In Nederland, vertelt ze, was de heersende moraal dat iedereen gelijke kansen moest krijgen. “En daar paste loting veel beter bij.” Maar de pech van de briljante, maar uitgelote scholier keerde het tij – al ging dat niet op stel en sprong.

“Eerst werd de achtplusregeling ingevoerd: iedereen met gemiddeld een acht of hoger werd zonder loting toegelaten tot de studie geneeskunde. De Erasmus Universiteit Rotterdam was vervolgens in 2001 de eerste die tien procent van de studenten aannam op basis van selectie – de overige 90 procent kwam nog via loting.”

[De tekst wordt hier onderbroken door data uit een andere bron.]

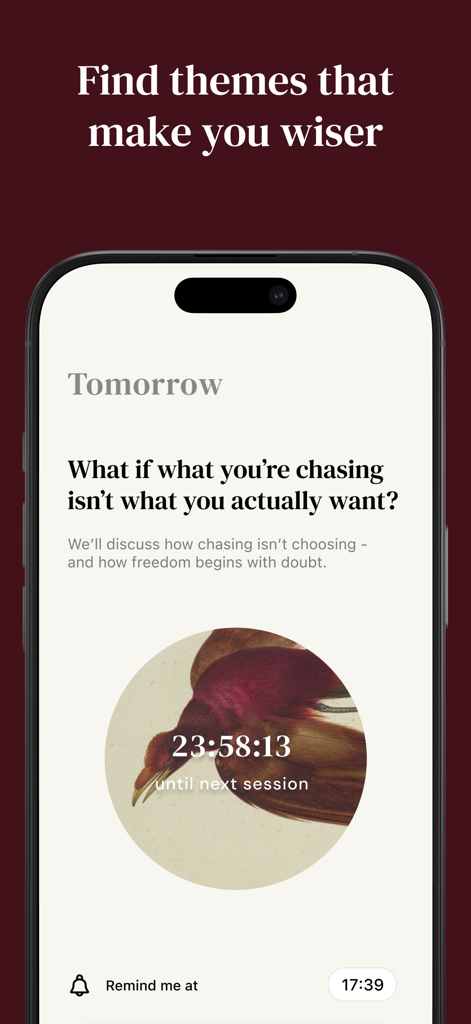 Alter・Daily Philosophy Journal - Interface of the Alter app showing a daily philosophical reflection prompt with a countdown timer for the next session.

In de jaren die volgden gingen steeds meer geneeskundeopleidingen over op een gecombineerd systeem van loting en selectie. De Rijksuniversiteit Groningen begon hier in 2009 mee: 50 procent van de studenten kon na loting beginnen met de opleiding, de overige 50 procent werd op basis van een selectieprocedure toegelaten. In de jaren erna werd het percentage dat na selectie werd toegelaten steeds verder verhoogd. Sinds 2016 is het wettelijk verplicht om alle kandidaten via selectie toe te laten, en is loting dus helemaal afgeschaft.

Sociale vaardigheden

Met de komst van de selectieprocedure rees de vraag: waar gaan we op selecteren? Schripsema: “Uit onderzoek was gebleken dat er met de kennis van artsen niet veel mis was, maar dat bij sommige artsen de sociale vaardigheden en de manier waarop zij communiceerden met de patiënt beter kon. Dus kwam dit vanaf de eerste selectiejaren aan bod.”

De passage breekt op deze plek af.